First, the court unanimously declined to upend Canada’s constitutional tradition. Most Canadians can agree that, at 150 years old, the economic union should be stronger and that foreign firms should not have greater access to the Canadian market than local companies.
But cutting red tape within Canada calls for political leadership, not judicial fiat. If Canadians want to be free of outdated provincial alcohol monopolies and arcane constraints on trade (from milk-packaging standards to maple-syrup grades), they should look to their elected officials, not courts. Given the public attention it has generated, Comeau may be the nudge that Canada’s politicians need to finally move those talks along.
Second, Comeau preserves the provinces’ ability to “enact proactive policies for the good of their citizens”— and to raise revenue from those policies. Much more was at stake than just cheap beer, including “[a]gricultural supply-management schemes, public health-driven prohibitions, and environmental controls,” and the court gave provinces a stronger legal basis to protect those interests.
Canada’s constitution carefully distributes exclusive powers between the federal and provincial governments. Section 92 empowers the provinces to legislate for the benefit of their constituents. Section 121 limits those powers with respect to interprovincial trade.
Gerard Comeau, fined $292.50 for bringing excess liquor from Quebec into New Brunswick, argued that provincial limits were unconstitutional. But section 121, the court ruled, does not impose “absolute free trade across Canada.” The ruling clarifies what provinces can and cannot do: they cannot discriminate or retaliate against other provinces out of protectionism or spite. But they can take measures to protect their citizens’ health, safety, and environment.
The dispositive question is whether the provincial regulation’s “primary purpose” is to restrict trade, or whether it does so “incidentally.” This will no doubt give rise to legal wrangles, as it can be hard to tell a legitimate policy from a trade barrier dressed up in public-interest garb.
What does Comeau mean in practice? The Trans Mountain pipeline controversy is top of mind. If New Brunswick can control the quantity of liquor that flows across its borders, B.C. is now on stronger legal ground to limit the flow of Albertan oil to protect its coast. Comeau does not settle the issue, and Ottawa may yet claim the power to regulate interprovincial trade and transportation. That’s a fight for another day.

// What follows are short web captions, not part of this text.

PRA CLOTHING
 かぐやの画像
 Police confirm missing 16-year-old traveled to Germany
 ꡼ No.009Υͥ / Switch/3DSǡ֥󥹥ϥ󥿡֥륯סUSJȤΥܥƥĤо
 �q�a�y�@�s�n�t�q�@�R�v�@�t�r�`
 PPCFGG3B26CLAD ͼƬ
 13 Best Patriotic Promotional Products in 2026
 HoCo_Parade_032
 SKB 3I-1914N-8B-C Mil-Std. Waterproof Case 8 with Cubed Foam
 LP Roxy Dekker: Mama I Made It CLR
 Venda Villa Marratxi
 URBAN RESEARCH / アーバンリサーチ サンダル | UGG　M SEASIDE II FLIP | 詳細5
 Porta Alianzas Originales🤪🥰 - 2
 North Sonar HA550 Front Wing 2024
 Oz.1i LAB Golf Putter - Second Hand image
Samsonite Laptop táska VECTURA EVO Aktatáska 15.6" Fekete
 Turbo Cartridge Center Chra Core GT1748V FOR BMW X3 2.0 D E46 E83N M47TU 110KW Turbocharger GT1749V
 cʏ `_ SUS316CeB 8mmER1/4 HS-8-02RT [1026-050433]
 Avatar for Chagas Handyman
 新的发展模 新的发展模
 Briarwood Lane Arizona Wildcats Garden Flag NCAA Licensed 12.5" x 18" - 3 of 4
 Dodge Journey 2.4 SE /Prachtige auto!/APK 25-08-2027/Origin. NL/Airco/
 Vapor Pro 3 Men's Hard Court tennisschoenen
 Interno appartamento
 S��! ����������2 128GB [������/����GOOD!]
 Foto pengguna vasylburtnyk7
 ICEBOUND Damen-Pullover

There are other far-reaching implications. Under Comeau, Quebec, say, could not exclude Ontario milk to protect its dairy farmers, just as Alberta could not ban B.C. wine (or restrict energy exports) simply to punish its neigneighbour. However, Ontario could limit trade in goods that pollute Ontarians’ health, air, or waterways (such as single-use plastics), to the extent it is not pre-empted by federal law. Similarly, provinces are free to control tobacco, alcohol, and, soon, cannabis sales to protect local welfare.
Ultimately, this is a sensible formula for Canada, a regionally diverse federal state with strong local democracy. As U.S. Supreme Court Justice Louis Brandeis famously wrote in 1932, subnational units act as “laboratories” of democracy: “It is one of the happy incidents of the federal system that a single courageous State may, if its citizens choose, serve as a laboratory; and try novel social and economic experiments without risk to the rest of the country.” Successful local experiments can be copied and scaled up.
The same is true here: at any given point, one Canadian province or another will be leading the way on health, safety, energy-efficiency, or carbon standards. Thanks to Comeau, the innovators have a shield to protect their public-interest regulations from section 121 challenges. Otherwise, provinces with better standards would risk being dragged down to the lowest common denominator by those with lax or inexistent regulations.
Any eventual Canadian free-trade deal should embody Comeau’s logic to avoid a race to the bottom. Meanwhile, provinces are free to move forward with proactive policies to protect their citizens. That is a good thing for politically fraught times.